Disclaimer: All thoughts solely belong to the Author's personal view points and do not represent the views of the general public. The Author's views are not written to put-down or insult any individual, business or the general public, but to express her own opinions on the topic. For a better overview of the topic, read the full article.

The internet has been hit by the whole Nikon Awards Prize Saga ever since a photographer, Chay Yu Wei, was claimed to have "captured a perfect shot of an airplane framed by a ladder in Chinatown", submitted a photo to Nikon, and won the competition. The problem was, the airplane wasn't real.

It became a huge hoo-ha online as people started mocking the photo, insulting Nikon for their poor judgement of photos, and creating tons of amusing imitations, GIFs, and spreading it all over social media. As much as my boyfriend found it hilarious (it was pretty annoying because he kept showing these to me lol), I couldn't care less initially.

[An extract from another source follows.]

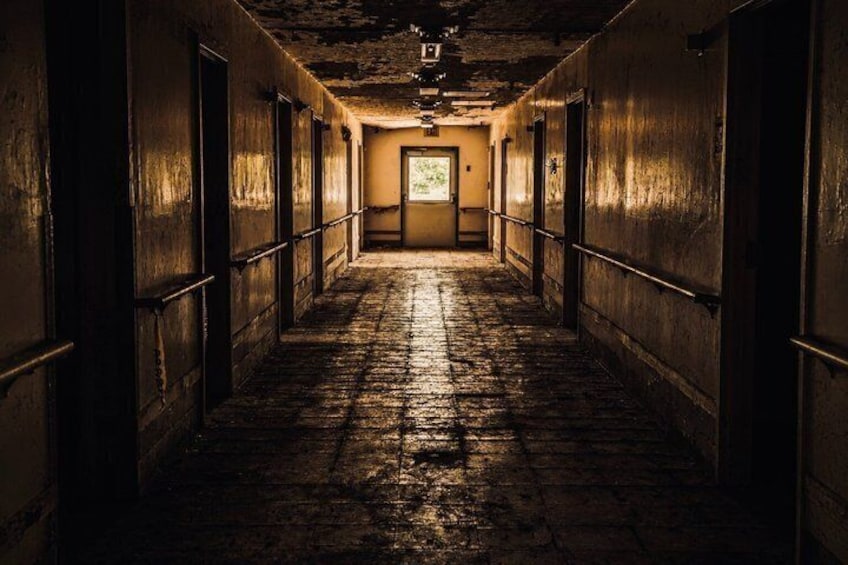 Ticket Pass to Indiana State Sanatorium Overnight Ghost Hunt 2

That was when I posted a photo up on Instagram taken by Lionel, one of the two friendly photographers I met over Instagram for a shoot at Queenstown. I was inspired by the photos from the pool of photographers similar to them, being able to capture the different parts of Singapore with such keen eye. I started to explore the hashtag #GuideMeToYourHood, a hashtag created for photographers to share a gallery of their photos taken in Singapore. It's actually pretty interesting!

From the hashtag, I discovered a similar photo taken at the exact spot, also by a friend of photographer Yu Wei's (as seen exchanging a conversation in the comments), except with a different plane in the sky. It got me curious, and I went on scrolling through my explore feed. What followed afterwards was really a shocking collage of photos on Instagram, all involving a certain airplane.

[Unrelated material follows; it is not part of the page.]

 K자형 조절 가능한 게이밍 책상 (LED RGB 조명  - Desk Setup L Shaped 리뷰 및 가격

Sample image of the airplane:

It got me a little furious how (not all, but) some photographers have been using the exact same/similar aircraft images to beautify their photos. Except that those weren't as badly edited in as compared to the winning photo of the Nikon Photo Contest, the sample image above shows that the same image has been used. Although I don't mean to shame the photographers as I believe most or all of them share the same, strong passion in photography, I do admit I was a little disappointed that they didn't previously address the comments from followers who believed that these pictures were true to what they seem.

That was when someone finally spoke up after the Nikon saga.

Although it came a tad late and should probably have been addressed earlier, it was a relief knowing one of the photographers finally stood up to speak truth to his followers. Picsart, the app used to edit this series of photos, was probably the reason for the "badly photoshopped" aircraft image that won the Nikon Photo Contest.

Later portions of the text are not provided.